I have no great advice, no great insight for you as the reader. Just a harrowing emotional tale that I know so many others share with me.
The details are different but similar if you’ve lived through a loved one having Alzheimer’s. It’s impossible to lay out the path for you if you’re just entering this phase with someone you love. There is no one path. The only thing that is consistent for every family, is the recognition that anticipatory grief is real.
Most people think of grief as something that happens after a loved one’s death. But grieving can also occur before they die. That is anticipatory grief, when you anticipate their physical death.
My mother has already lost her memories, her sense of family, and her sense of belonging. Yet, there she is on the couch. She is physically still here, and that is surreal.
As mother and daughter, we have loved each other well. There is no doubt about that. We had been best friends all my life. We laughed so much together. She’s comforted me more times than I could recount. We both found the human condition fascinating and could have talked endlessly about the meaning of it all. Bathing her and putting her to bed recently was the greatest joy of my life, to give back a small percentage of what she has given to me. Because she’s given me so much.

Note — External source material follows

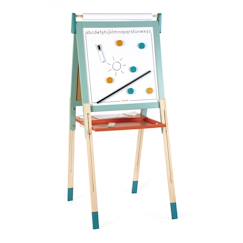 -Tableau magnétique en bois double face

She never, truly never, doubted me as a person forging my way in the world. She championed everything I did. She was a quiet force though, never the center of attention, only the center of mine. I leaned on her for her gentle wisdom.
One of my all-time favorites was after a breakup in my 20s, and in the midst of sobbing, she put her arms around me and just so softly said, “What you liked about him you will find again. What you did not like about him you will not repeat.” That’s it. Just like that, I stopped crying. Her strength was in her simplicity.
She is a lot to lose.
And no matter how well we loved each other, I wonder if I did enough. Did I ask her enough about her own life? Did I understand enough about her as an adult as a wife and as a mother?
I know some of her regrets, I know some of her heartaches, but I want to ask again. It is the empathy I inherited from her that makes me ask these questions to begin with. Which has me trying to recall her best advice on being a mother.
When I left the comforts of my midwestern upbringing to move to California, not knowing anyone, only with a dream in my heart, she said, “Of course I will worry about you, but I have to trust that I’ve said all that needs to be said so that if ever you find yourself unsure or needing me, my voice will be right there in your head.”
You are in my head, mother. And in my heart. And will be with me for every moment I have ahead of me.
You paved the way for me so beautifully, so effortlessly, and with such devotion that I am so proud to tell people about the relationship we had.
There will be more loss, of course. It only goes in one direction. And there is no salve, no stitch, or bandage that can hold in what little is left. It just keeps pouring out. Anticipating these final months is awful.
I know she would find it fascinating what is happening to her mind. Of course, it would make her sad, too, to know that she didn’t recognize us or wasn’t able to have autonomy over her life.
But if she could be wise once more, I imagine her saying something like, “I had Alzheimer’s? Wow, that is sad. I want you girls to know this though…I do think I did well as a mother. I gave it my all. And you are right, we were best friends, and it was all a joy. It went too fast, but if you ever need me, put your hand on your heart and I’ll be right there. I’ll be okay. Really, go do amazing things. I’m okay.”
And then, I hope she’d laugh. Because she loved to laugh.